Many, many memories come to mind of episodes crammed into one year; such as the big grass fire which threatened to engulf the whole estancia, buildings and all. Jim and Hilario organized teams of horse ploughs (we had no tractors then) to plough, one behind the other, fireguards in the path of the flames. While the rest of us, armed with wet sacks, went along to beat out any sparks which might cross them.
Or another time when, in the middle of the night, a messenger arrived to say that the old Clydesdale stallion had fallen down a well. I was sent to wake and muster a gang of “hands”, while Jim and Hilario with the blacksmith assembled a tripod of 4" pipes and block & tackle. When we reached the scene, we had only the headlights of the truck to work by, but the tripod was erected and Jim was lowered into the well to attach a harness to the stallion - a daunting task for anybody. We all hauled on the rope inch by inch until finally, first the head, and then the body of the vast creature appeared, staggered out of the well and - fell dead. A very disheartening night’s work.
On the drive back we all climbed into the back of the truck and I had the misfortune to put my foot right through the old wooden floor. I sustained a painful graze from ankle to knee and was complaining bitterly about it, until Jim said quietly, “Shut up, Ted.” He never complained himself and expected others to conform. Fair enough.

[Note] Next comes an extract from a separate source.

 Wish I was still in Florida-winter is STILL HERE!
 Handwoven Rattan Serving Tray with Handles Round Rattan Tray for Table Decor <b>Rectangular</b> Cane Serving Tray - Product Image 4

Rather naturally in such close companionship we often teased each other. He with sly digs at my lack of riding skills. He often said he could tell a mile off that it was me, by the way I sat in the saddle. For my part, I would refer by innuendoes to his misadventures in the car or occasional amatory ventures. It once happened that a widow and her attractive daughter, friends of the Benitz family, were spending a few days with them. The name was Riddel, and it seemed that the daughter would like to ride. “Perhaps,” said Mrs. Benitz to Jim “you or Ted would have time to take her some afternoon?” Jim (the wretch) explained that Ted was pretty busy right now, but that he himself would be free and delighted to escort her.
While they were out, I remembered a book I had seen in the house library called “The Rich Miss Riddel”, so I borrowed it and placed it on Jim’s bedside table. At breakfast he seemed a little worried and then came out with it. Where had the book come from? What was going on? Robo, of course, played along and did his best to mystify and puzzle poor Jim, while I feigned complete ignorance. We kept it up till the end of the meal when, as I was leaving the room, I confessed.
One of the “characters” of the estancia was the woman who did all the washing for the Benitz family and managerial staff. She went by the name of Doņa Tomasa. She lived in a cottage with her daughter and son-in-law, and was the purveyor of all gossip and scandal of the estancia. Nothing moved but she saw it. Nothing was said but she heard it.
Now it was summer time, and Jim had been spending a fortnight’s holiday in the hills of Cordoba, and on the night he was due back I was to meet him at the station. As we drove back he recounted the wonderful time he had had, the glamorous girls, the bathing, dancing, picnics etc. etc. A wicked thought struck me and knowing his ill luck with motor vehicles, I drew a bow at a venture and said “What a pity about that little trouble with the car.” The answer was more than I had hoped for. He was dumbfounded, “How on earth did you hear about that? It only happened last night.” Quite seriously I replied, “Oh, Doņa Tomasa told me this morning when I took my washing.” He was hopping mad. “How in heaven’s name could she know? I was coming back from a party last night, missed a turning and ran into a ditch. Did someone send her a telegram or something?” “You know,” I said solemnly, “I sometimes think she has psychic powers, because she described it just as you've told me.” Enjoying myself hugely, I kept it up all the way home, but on arrival, seeing he was about to have it out with Doņa Tomasa I 'fessed up. He gave his familiar wry smile and said “OK, Ted, you won that one, but watch it, I'll get back at you.”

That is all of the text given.